Rücktritt aller Kirchenpfleger
Wie Ende Oktober an einer Versammlung klar wurde, ist die Kirchgemeinde zutiefst gespalten. Alle Mitglieder der Kirchenpflege sind entweder zurückgetreten oder haben ihr Amt gar nicht erst angetreten. Es musste ein Zwangsverwalter eingesetzt werden.
Am gestrigen Gottesdienst wurde klar, auf wessen Seite die jetzt abtretenden Kirchenpfleger stehen: «Ungern lassen wir dich gehen», erklärten sie an die Adresse von David Mägli. Man habe die Überzeugung, er werde bald wieder eine neue Wirkungsstätte finden. «Grosser Gott, gib der Familie Mägli ein Zeichen, damit die Zeit der Ungewissheit ein Ende hat», lautete die Fürbitte einer Kirchenpflegerin. Mägli hat in Kirchleerau nicht nur den Job verloren, sondern er muss mit seiner Familie auch das Pfarrhaus verlassen.

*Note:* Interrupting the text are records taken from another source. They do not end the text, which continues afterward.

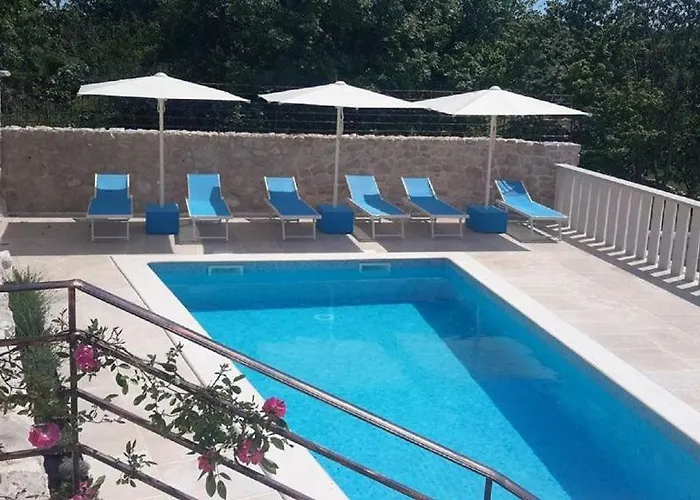 Beautiful Stone With Swimming Pool, Sauna And Large Garden By Traveler Tourist Agency Krk Id 2225 Villa *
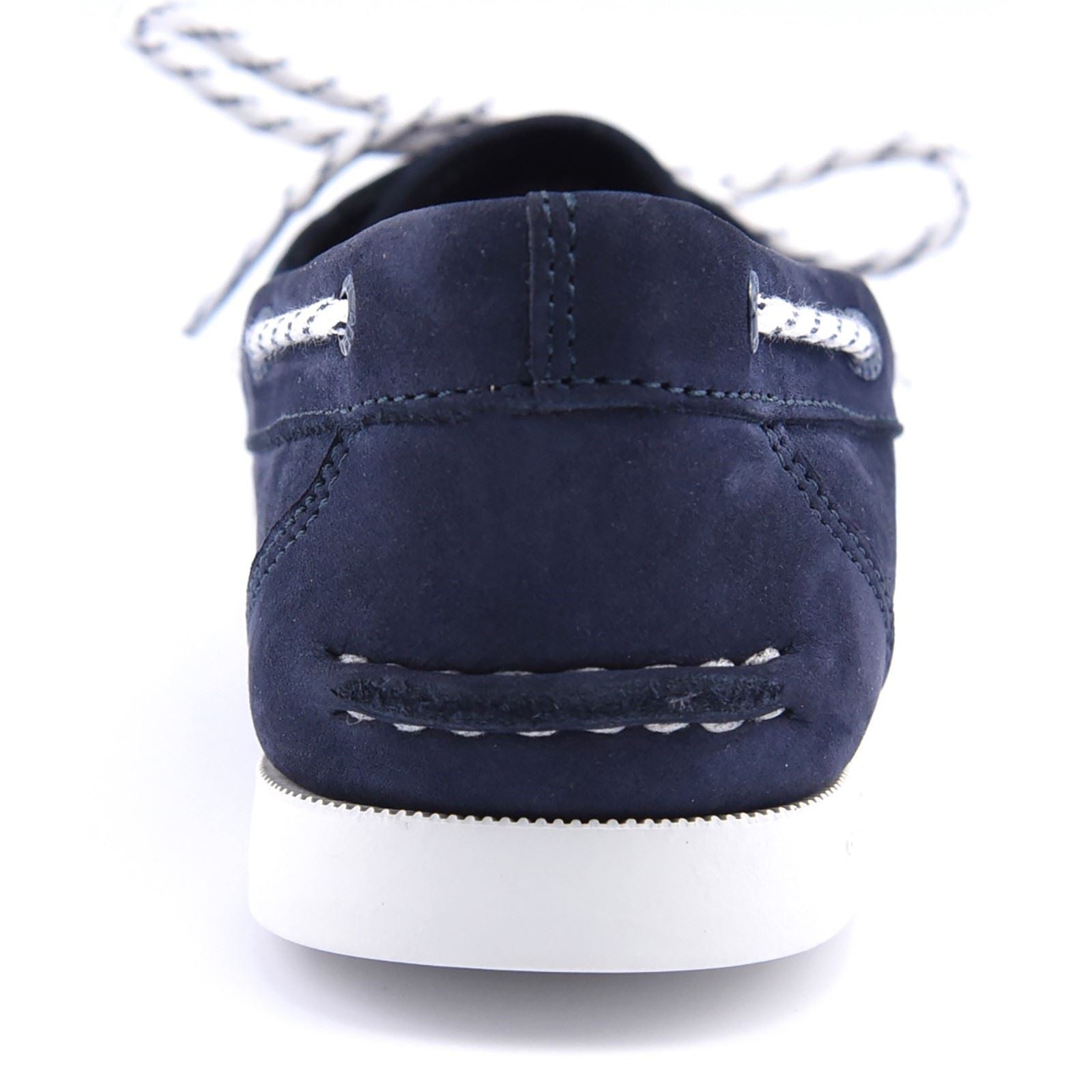 Sperry Authentic 1 Eye Chaussures Bateau En Cuir Pour Femmes En Bleu Marine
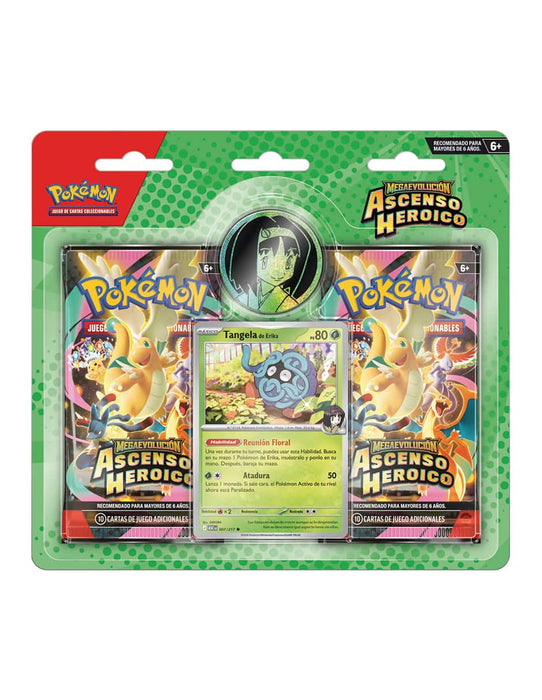 Pókemon TCG: Mega Evolutions Ascenso Hericoo blister 2 sobres (Español)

«Viele sind ratlos, einige erschüttert und traurig», erklärte Mägli im Gebet – in Anspielung auf seinen Abgang. In der Predigt, die auf der Weihnachtsgeschichte nach Matthäus aufgebaut war, kritisierte er unter anderem den kürzlich gefällten Entscheid des Ständerats, der eine Benachteiligung aufgrund der sexuellen Orientierung (Diskriminierung von Schwulen) unter Strafe stellen will. Mägli befürchtet, dass eine Floristin angeklagt werden kann, weil sie sich weigert, einen Hochzeitsstrauss für ein gleichgeschlechtliches Paar zu binden.
Die Kollekte für die «Stiftung Zukunft Schweiz» (Bern) begründete Mägli etwa damit, dass diese ein gutes Sexualkundebuch für 12-Jährige herausgegeben habe. Ein Aufklärungsbuch, das laut Kritikern die Klitoris verschweigt und Themen wie Selbstbefriedigung und Pornografie verteufelt. Die Stiftung kämpfe dagegen, dass sich die Schweiz immer mehr in ein «neuheidnisches Land» verändere, so Mägli.